**** Exercise materials ****
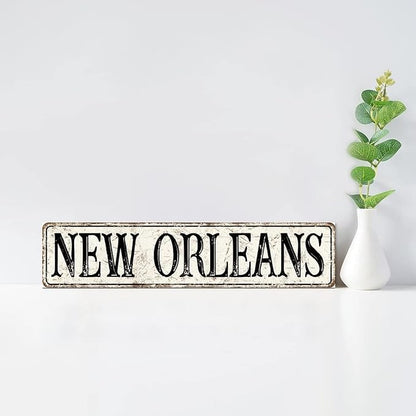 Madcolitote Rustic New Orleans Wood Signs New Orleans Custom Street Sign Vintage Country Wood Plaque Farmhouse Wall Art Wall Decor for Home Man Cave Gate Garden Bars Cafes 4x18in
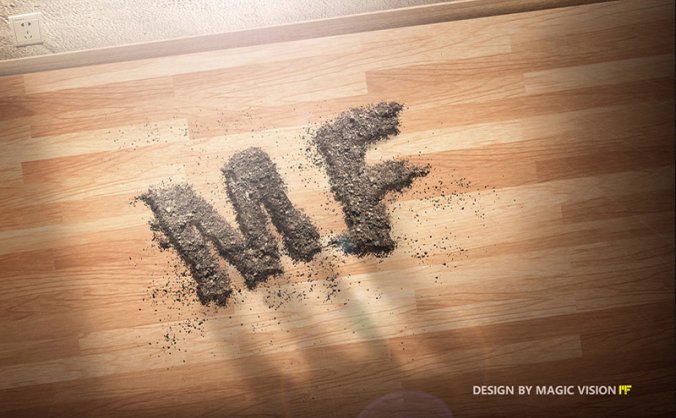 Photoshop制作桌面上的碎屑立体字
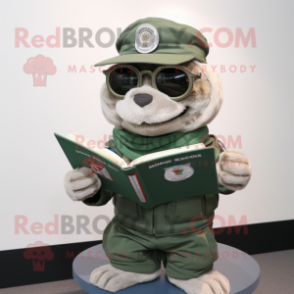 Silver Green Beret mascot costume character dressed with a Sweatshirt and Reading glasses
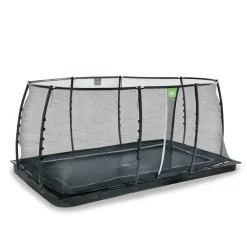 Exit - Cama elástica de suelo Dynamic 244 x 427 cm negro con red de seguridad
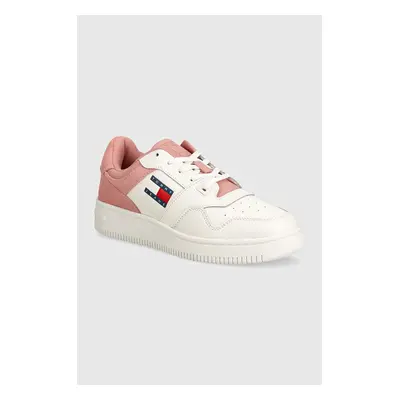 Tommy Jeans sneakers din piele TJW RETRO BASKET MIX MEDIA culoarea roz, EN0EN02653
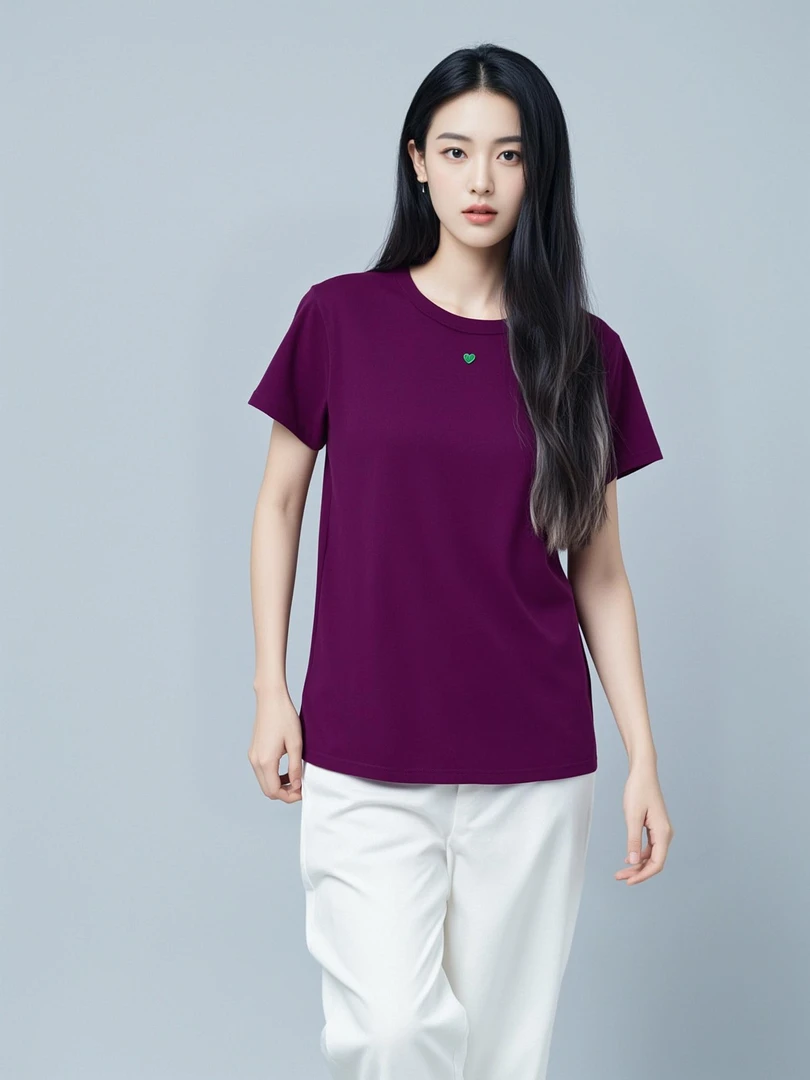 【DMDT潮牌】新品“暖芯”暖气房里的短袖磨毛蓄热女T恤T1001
****
Produce an exact copy of the records above, leaving out the pictures.

- [Reply]
 Madcolitote Rustic New Orleans Wood Signs New Orleans Custom Street Sign Vintage Country Wood Plaque Farmhouse Wall Art Wall Decor for Home Man Cave Gate Garden Bars Cafes 4x18in
 Photoshop制作桌面上的碎屑立体字
 Silver Green Beret mascot costume character dressed with a Sweatshirt and Reading glasses
 Exit - Cama elástica de suelo Dynamic 244 x 427 cm negro con red de seguridad
 Tommy Jeans sneakers din piele TJW RETRO BASKET MIX MEDIA culoarea roz, EN0EN02653
 【DMDT潮牌】新品“暖芯”暖气房里的短袖磨毛蓄热女T恤T1001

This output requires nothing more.